**Task instructions:** Look below for the line that contains "Today I want" and the line that contains "The only method", then restate both of them and every line in between, exactly. No picture goes in the copy.

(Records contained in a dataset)
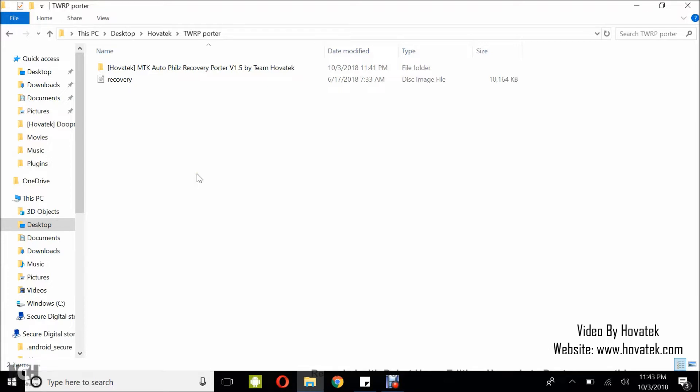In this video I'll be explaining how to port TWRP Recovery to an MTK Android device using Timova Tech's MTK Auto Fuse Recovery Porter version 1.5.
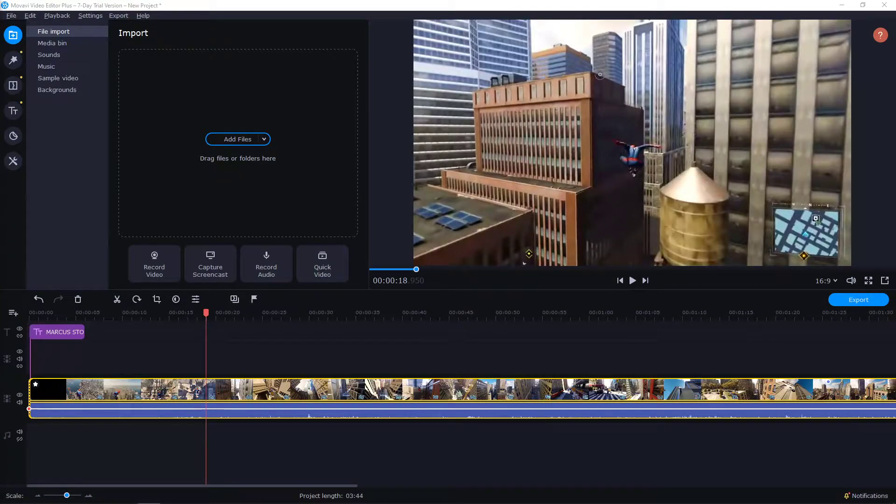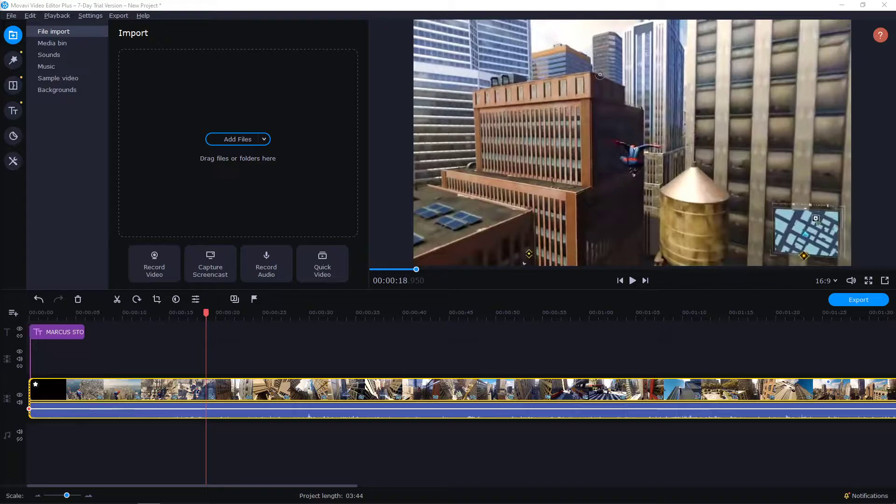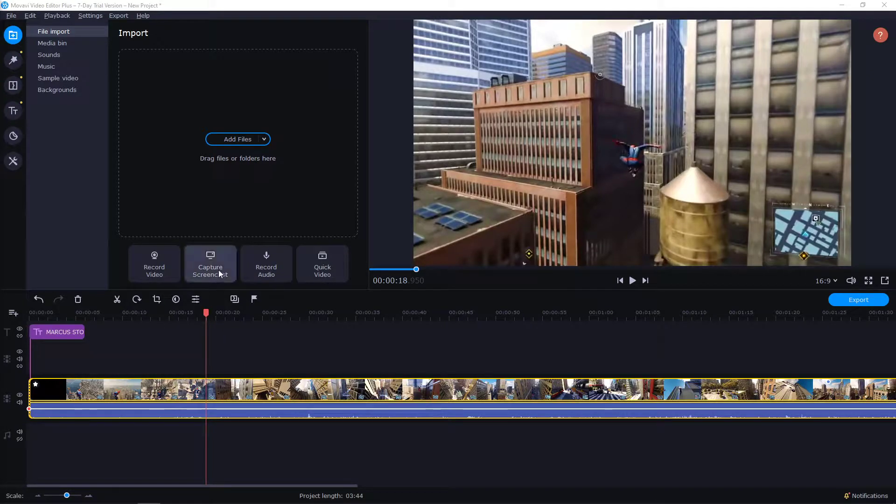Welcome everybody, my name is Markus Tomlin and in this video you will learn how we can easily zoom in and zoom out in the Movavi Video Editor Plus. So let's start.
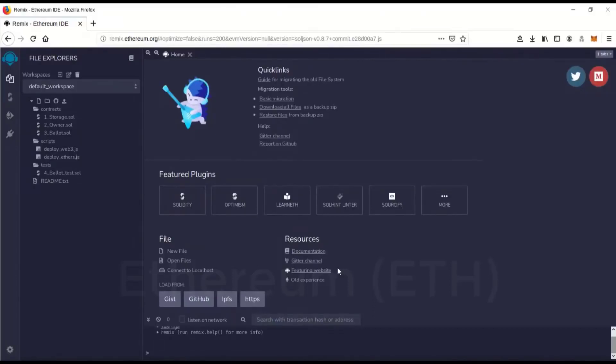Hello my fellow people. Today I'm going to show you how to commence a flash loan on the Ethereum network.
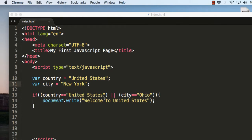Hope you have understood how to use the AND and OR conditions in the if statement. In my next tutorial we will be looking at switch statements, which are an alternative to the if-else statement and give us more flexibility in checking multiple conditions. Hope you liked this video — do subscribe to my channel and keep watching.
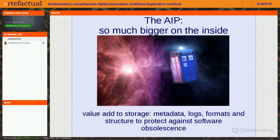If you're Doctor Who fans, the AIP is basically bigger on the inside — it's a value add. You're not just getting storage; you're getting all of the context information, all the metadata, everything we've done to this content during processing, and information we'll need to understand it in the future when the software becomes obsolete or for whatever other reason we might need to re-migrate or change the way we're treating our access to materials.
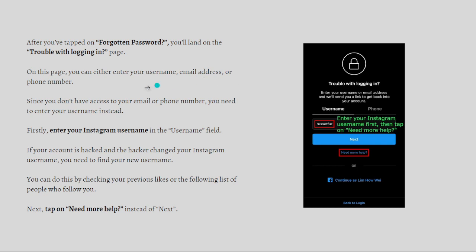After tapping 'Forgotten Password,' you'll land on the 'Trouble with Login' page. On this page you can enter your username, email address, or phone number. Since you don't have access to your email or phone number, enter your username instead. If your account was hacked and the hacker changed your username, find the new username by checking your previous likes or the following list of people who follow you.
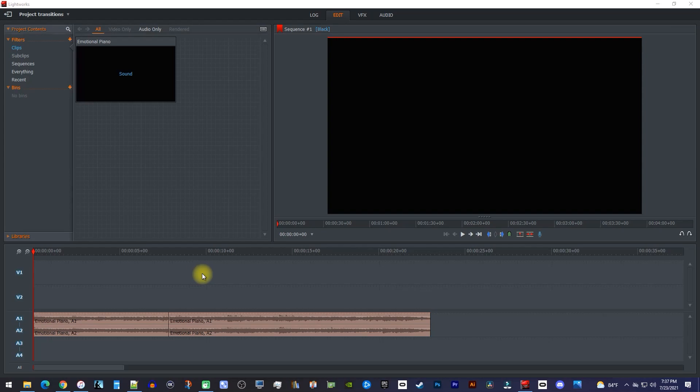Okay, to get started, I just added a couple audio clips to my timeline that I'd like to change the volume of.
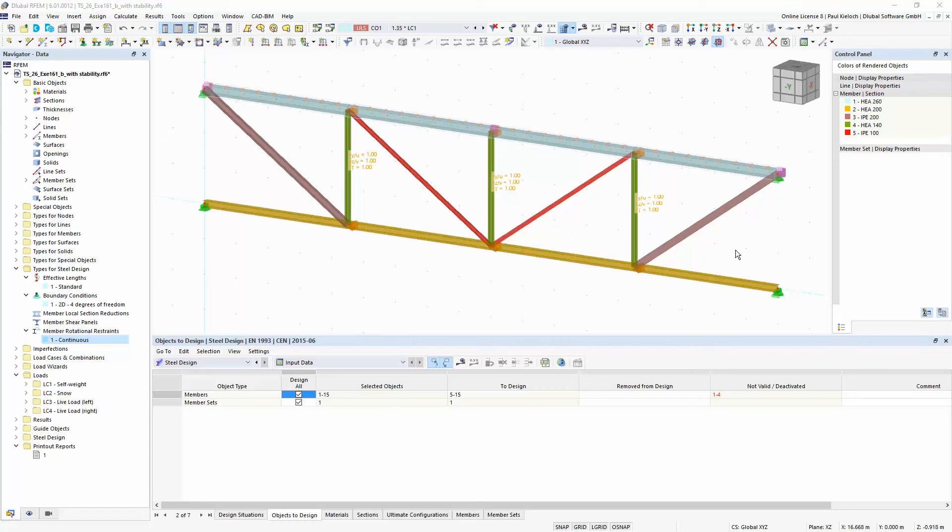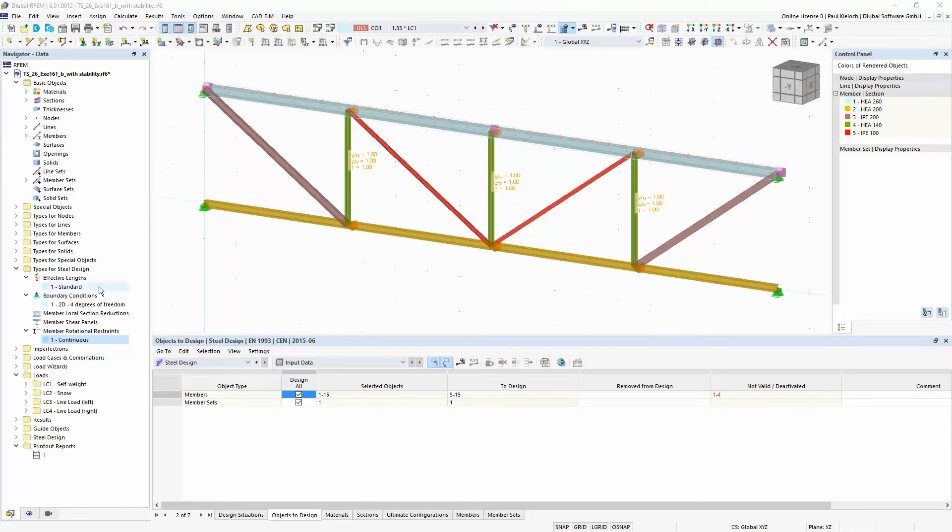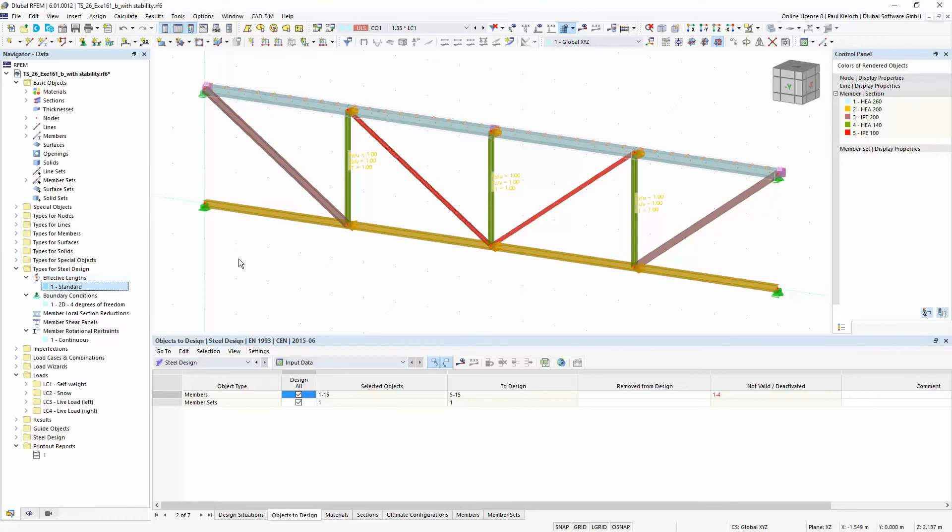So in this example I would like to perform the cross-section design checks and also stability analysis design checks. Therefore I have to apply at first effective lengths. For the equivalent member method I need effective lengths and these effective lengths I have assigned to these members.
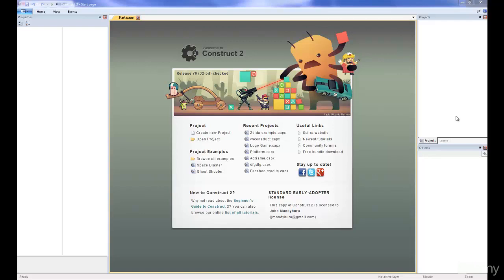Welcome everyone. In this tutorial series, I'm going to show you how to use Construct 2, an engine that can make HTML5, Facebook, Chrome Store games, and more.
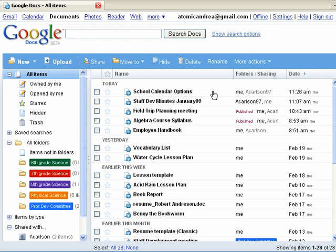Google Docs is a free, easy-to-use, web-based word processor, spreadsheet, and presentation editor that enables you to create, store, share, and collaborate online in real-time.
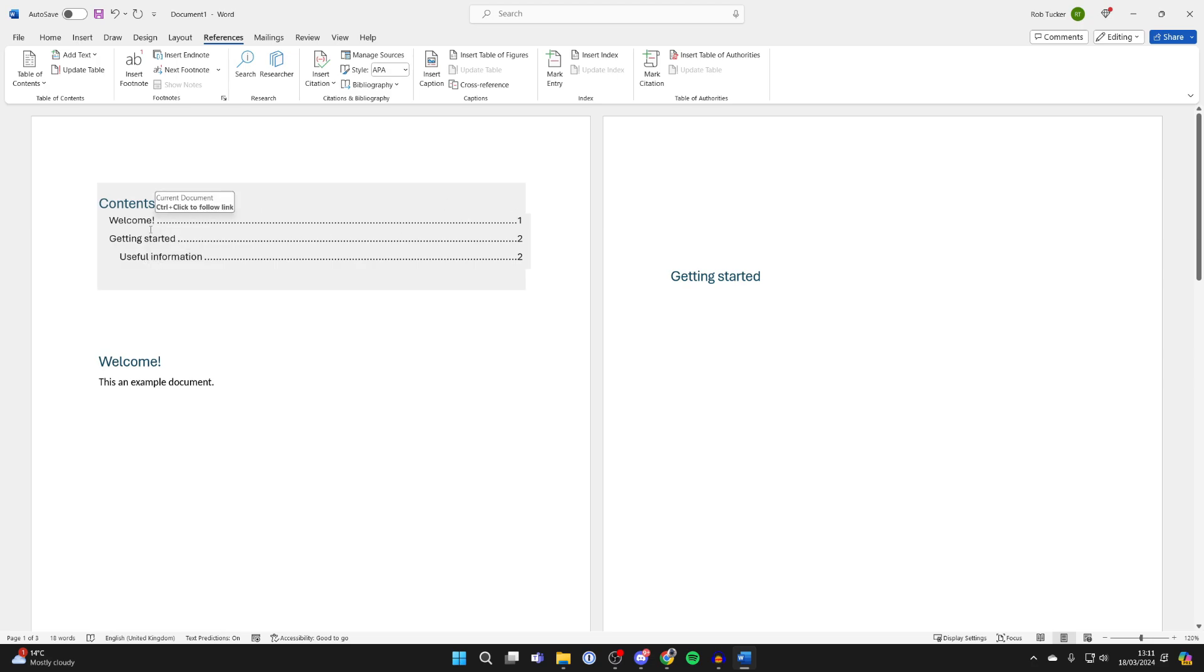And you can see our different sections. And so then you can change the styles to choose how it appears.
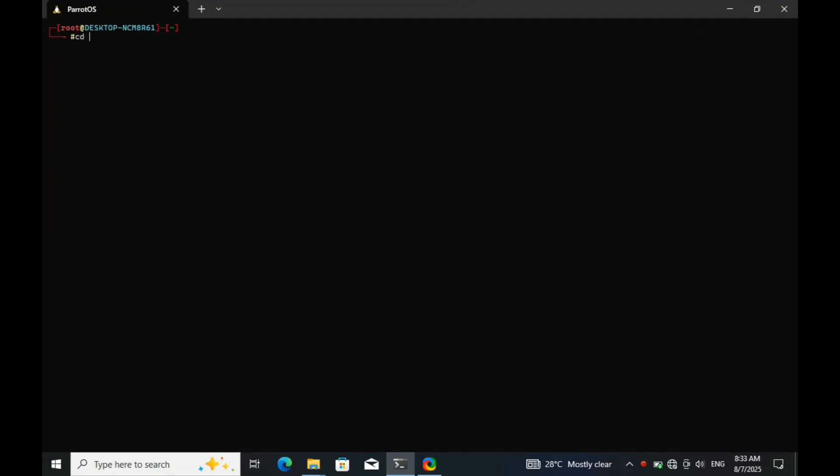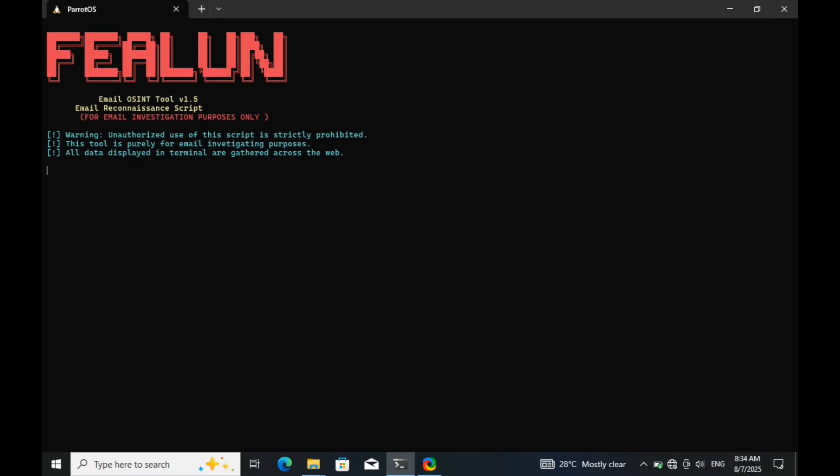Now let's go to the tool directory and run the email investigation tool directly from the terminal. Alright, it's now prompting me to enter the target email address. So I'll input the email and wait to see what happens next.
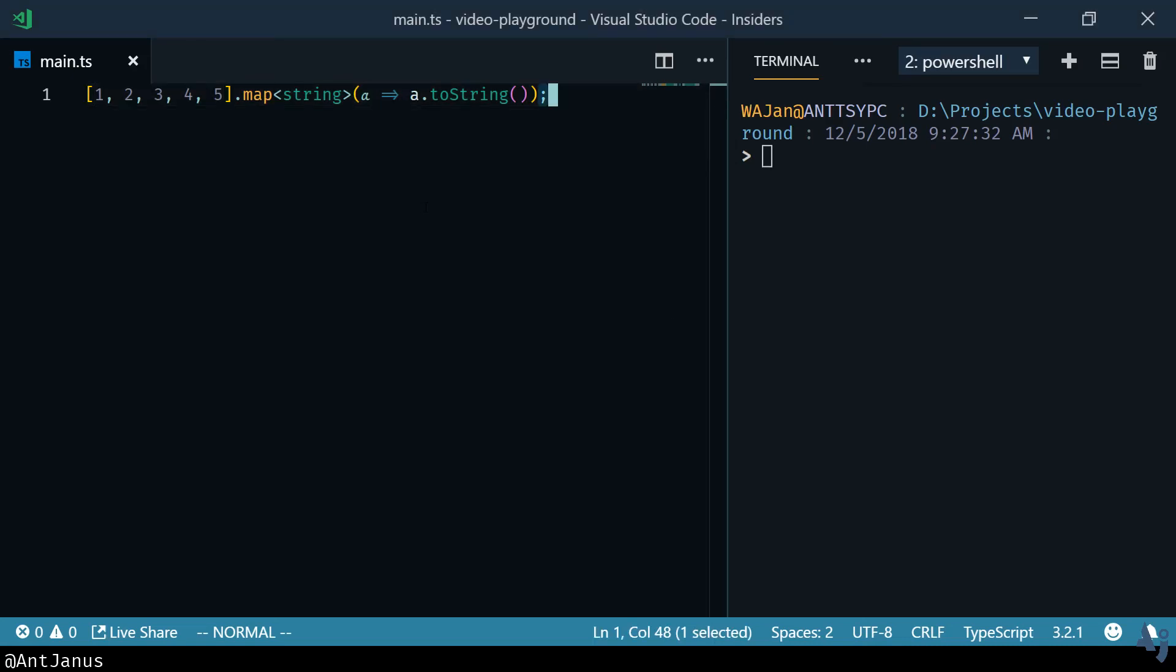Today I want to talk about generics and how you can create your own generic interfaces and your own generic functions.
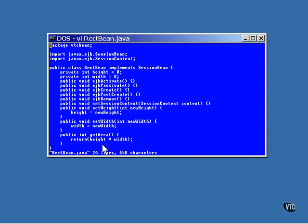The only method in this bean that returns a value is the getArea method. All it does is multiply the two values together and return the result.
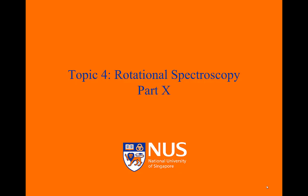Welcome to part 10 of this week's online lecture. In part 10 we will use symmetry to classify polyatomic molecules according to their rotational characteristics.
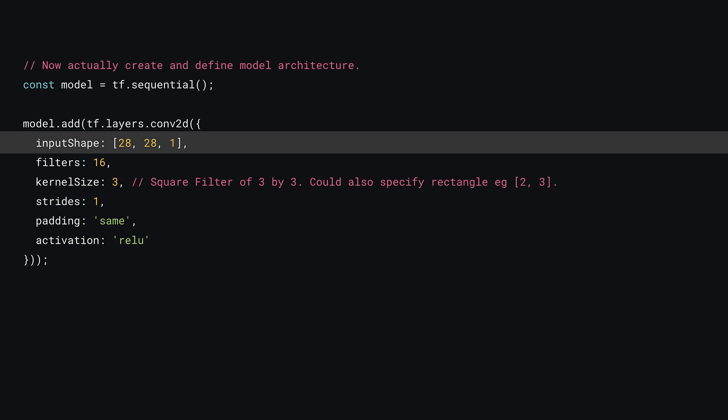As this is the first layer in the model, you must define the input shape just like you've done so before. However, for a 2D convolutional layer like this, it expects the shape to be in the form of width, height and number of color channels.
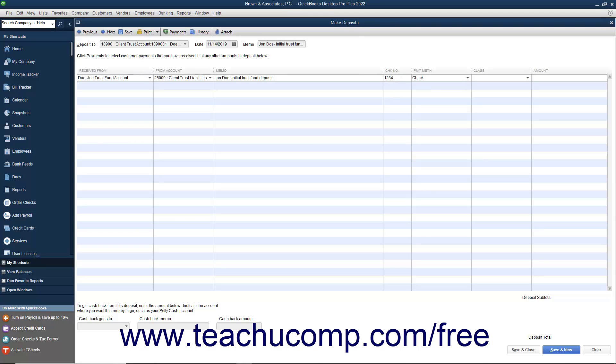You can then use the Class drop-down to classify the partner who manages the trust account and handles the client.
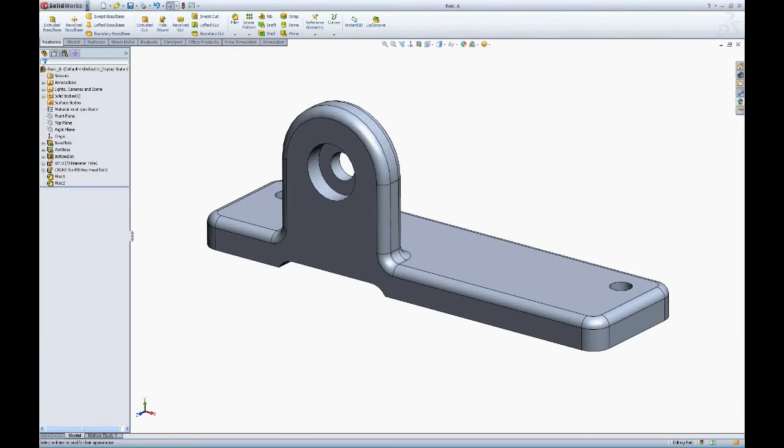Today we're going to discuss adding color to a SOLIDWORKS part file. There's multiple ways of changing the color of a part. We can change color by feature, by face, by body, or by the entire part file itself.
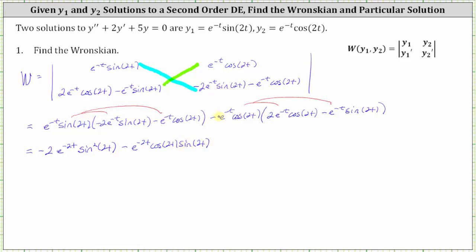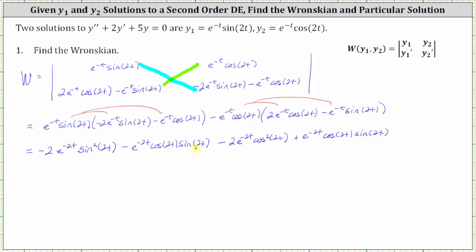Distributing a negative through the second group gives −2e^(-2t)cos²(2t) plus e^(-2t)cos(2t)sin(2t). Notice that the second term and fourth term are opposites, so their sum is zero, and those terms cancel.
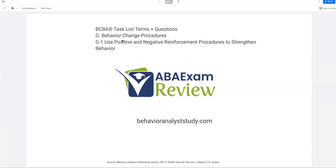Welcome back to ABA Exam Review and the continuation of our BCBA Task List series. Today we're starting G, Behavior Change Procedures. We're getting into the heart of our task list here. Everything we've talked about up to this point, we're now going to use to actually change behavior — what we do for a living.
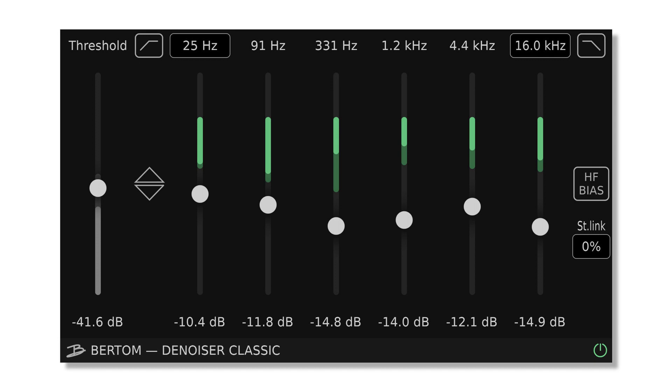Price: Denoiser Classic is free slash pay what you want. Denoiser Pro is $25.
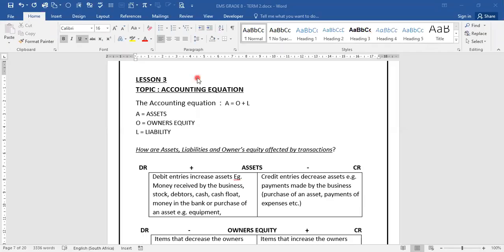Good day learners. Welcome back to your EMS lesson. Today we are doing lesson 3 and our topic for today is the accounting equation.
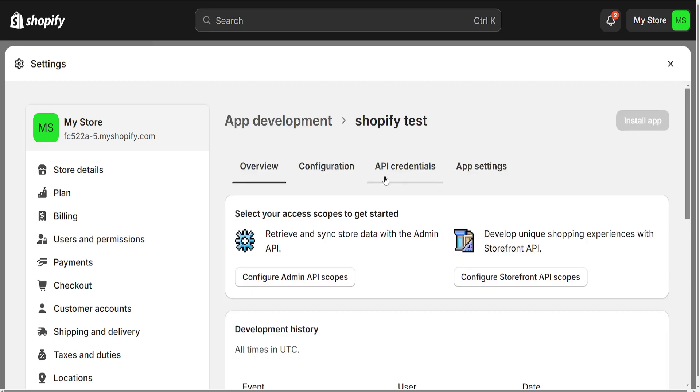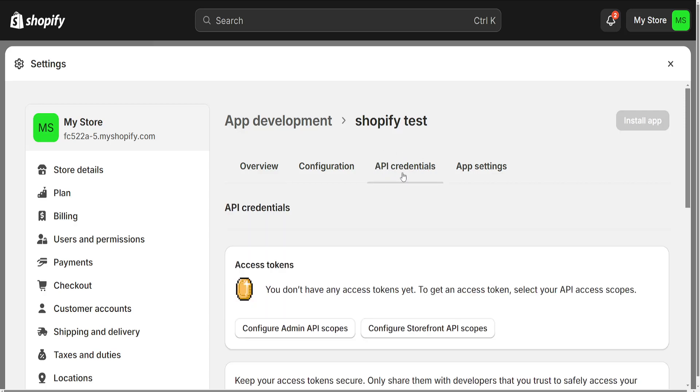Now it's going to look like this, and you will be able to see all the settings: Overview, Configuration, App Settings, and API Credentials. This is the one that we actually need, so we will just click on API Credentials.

**Output of the exercise:**
Today I want to talk about generics and how you can create your own generic interfaces and your own generic functions.
The only method in this bean that returns a value is the getArea method. All it does is multiply the two values together and return the result.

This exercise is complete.